9. The needle guide of claim 7, wherein the hydrogel is pressurized
within the cavity of the base.
10. The needle guide of claim 1, wherein the needle guide comprises
a thermoplastic.
11. The needle guide of claim 1, wherein the base is a circular or
oval shape.
12. The needle guide of claim 1, wherein the base is attached to a
skin surface of a patient through one of a tape, adhesive,
hydrogel, and suction.
13. The needle guide of claim 1, wherein the base is implanted
under a skin surface and attached to a vessel, fistula, graft or
tissue surface.
14. The needle guide of claim 1, further comprising an end portion
located at an end of the flared segment and configured to receive a
cap.
15. The needle guide of claim 14, wherein the end portion and the
cap are threaded in complimentary thread patterns to each
other.
16. The needle guide of claim 1, further comprising a self-sealing
valve positioned at an end of the needle path.

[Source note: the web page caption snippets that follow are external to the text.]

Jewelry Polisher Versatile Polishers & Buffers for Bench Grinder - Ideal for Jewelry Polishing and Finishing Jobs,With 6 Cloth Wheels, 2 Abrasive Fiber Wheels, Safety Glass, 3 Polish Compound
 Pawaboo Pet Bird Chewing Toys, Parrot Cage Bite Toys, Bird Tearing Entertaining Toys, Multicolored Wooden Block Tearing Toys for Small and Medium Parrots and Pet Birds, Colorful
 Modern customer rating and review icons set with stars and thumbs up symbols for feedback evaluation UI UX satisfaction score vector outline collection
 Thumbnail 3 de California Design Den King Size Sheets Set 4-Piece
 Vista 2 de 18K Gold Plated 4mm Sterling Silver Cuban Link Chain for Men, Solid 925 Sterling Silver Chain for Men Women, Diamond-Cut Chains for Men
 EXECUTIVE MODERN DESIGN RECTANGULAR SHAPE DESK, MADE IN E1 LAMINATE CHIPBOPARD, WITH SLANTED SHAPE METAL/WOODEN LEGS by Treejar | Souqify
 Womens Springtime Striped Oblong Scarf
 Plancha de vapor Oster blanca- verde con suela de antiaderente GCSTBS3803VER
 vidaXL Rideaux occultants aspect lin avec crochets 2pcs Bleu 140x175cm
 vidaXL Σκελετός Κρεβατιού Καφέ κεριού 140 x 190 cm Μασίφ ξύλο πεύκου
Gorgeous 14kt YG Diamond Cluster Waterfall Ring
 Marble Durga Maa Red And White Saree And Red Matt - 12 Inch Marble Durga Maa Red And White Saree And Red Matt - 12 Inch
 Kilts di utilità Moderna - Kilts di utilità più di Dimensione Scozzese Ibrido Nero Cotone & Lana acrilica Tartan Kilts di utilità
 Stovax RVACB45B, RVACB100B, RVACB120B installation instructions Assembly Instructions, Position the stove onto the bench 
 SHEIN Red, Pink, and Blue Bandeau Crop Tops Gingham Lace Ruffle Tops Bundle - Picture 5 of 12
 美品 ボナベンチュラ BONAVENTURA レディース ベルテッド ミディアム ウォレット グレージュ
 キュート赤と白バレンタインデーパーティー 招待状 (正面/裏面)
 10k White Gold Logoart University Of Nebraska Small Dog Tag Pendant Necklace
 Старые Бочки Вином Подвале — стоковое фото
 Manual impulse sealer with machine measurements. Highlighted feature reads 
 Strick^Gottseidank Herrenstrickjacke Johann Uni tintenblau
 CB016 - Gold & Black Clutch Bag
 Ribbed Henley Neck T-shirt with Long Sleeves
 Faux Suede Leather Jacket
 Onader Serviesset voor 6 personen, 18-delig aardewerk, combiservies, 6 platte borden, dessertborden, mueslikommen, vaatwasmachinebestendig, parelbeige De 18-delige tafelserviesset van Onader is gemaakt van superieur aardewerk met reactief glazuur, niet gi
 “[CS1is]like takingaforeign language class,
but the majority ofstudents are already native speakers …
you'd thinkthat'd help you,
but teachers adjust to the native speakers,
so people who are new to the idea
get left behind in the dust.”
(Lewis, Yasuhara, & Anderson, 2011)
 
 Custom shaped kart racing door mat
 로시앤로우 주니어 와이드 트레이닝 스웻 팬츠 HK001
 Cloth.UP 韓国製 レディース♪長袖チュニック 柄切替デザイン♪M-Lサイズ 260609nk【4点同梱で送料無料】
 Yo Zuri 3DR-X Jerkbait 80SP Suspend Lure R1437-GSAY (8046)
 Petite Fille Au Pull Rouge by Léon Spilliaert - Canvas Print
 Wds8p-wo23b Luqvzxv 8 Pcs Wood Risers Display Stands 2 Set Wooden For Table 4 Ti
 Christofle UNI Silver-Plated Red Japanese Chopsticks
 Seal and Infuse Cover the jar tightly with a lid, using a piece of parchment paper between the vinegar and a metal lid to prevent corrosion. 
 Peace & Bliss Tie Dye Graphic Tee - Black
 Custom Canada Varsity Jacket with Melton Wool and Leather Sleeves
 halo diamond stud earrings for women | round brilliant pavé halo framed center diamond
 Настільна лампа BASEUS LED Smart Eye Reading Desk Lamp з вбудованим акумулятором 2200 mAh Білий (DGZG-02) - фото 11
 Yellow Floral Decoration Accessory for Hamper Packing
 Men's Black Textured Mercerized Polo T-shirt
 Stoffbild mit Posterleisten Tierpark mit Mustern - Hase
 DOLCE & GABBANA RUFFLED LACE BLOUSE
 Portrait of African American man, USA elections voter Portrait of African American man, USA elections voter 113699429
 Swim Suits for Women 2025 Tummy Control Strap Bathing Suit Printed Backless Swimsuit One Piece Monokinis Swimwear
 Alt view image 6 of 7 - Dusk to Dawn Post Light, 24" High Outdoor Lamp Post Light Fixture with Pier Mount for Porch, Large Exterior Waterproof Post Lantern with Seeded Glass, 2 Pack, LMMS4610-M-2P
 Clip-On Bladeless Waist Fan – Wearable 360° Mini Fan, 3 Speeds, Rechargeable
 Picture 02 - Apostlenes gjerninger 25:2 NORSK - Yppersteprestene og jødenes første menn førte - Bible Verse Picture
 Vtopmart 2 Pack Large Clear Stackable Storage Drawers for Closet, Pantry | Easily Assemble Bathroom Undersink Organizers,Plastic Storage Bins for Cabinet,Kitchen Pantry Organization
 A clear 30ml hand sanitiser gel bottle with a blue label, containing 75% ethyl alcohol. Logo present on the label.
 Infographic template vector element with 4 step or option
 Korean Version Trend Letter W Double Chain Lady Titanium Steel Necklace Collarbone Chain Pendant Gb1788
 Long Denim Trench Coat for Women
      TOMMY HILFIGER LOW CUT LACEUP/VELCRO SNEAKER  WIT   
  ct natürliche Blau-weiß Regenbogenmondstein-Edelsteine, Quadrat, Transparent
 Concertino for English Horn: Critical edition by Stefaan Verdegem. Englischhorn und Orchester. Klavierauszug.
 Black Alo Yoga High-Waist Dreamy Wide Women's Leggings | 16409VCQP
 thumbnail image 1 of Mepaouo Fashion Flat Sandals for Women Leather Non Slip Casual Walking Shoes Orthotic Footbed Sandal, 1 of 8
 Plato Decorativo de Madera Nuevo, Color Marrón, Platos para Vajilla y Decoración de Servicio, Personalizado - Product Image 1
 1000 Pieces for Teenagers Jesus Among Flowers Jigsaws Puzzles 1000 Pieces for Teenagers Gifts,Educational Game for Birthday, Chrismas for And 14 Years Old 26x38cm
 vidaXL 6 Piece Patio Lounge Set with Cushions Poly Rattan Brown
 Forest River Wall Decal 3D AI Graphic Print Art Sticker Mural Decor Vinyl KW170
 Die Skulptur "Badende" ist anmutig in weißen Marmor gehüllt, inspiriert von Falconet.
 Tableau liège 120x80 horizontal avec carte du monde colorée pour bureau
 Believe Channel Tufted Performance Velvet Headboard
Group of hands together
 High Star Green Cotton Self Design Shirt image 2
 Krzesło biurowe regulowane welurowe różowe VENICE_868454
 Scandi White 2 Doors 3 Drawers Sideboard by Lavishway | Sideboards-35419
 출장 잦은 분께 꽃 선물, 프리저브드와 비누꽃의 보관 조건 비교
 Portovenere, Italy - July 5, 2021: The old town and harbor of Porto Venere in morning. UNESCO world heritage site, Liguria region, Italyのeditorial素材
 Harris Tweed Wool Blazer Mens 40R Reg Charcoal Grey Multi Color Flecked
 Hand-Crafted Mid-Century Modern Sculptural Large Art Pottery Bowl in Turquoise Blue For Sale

17. The needle guide of claim 1 further comprising a self-sealing
valve positioned within the needle path.
18. The needle guide of claim 1 comprising a plurality of needle
paths.
19. A system for dialysis comprising: a plurality of needle guides
wherein each needle guide comprises: a base; and a needle path
coupled to the base and comprising a needle bore, a flared segment,
and a needle stop, wherein the needle stop interacts with a hub of
a needle inserted into the needle path to control penetration depth
of a tip of the needle, wherein the flared segment comprises a
cylindrical bore having a larger diameter than the needle bore,
wherein the needle path is oriented at an angle relative to the
base of between about 0 and about 90 degrees; and wherein said
system further comprises a plurality of needles and luer lock
fittings, tubing and a dialysis machine.
20. A method for inserting a needle into a vascular system of a
patient comprising: providing a needle guide comprising a base and
a needle path coupled to the base and comprising a needle bore, a
flared segment, and a needle stop, wherein the needle stop
interacts with a hub of a needle inserted into the needle path to
control penetration depth of a tip of the needle, wherein the
flared segment comprises a cylindrical bore having a larger
diameter than the needle bore, and wherein the needle path is
oriented at an angle relative to the base of between about 0 and
about 90 degrees; aligning the needle guide with a desired vessel
of a patient; and inserting a needle through the needle guide and
into the desired vessel of the patient.
21. The method of claim 20, wherein the needle path is
circumferentially enclosed between its ends.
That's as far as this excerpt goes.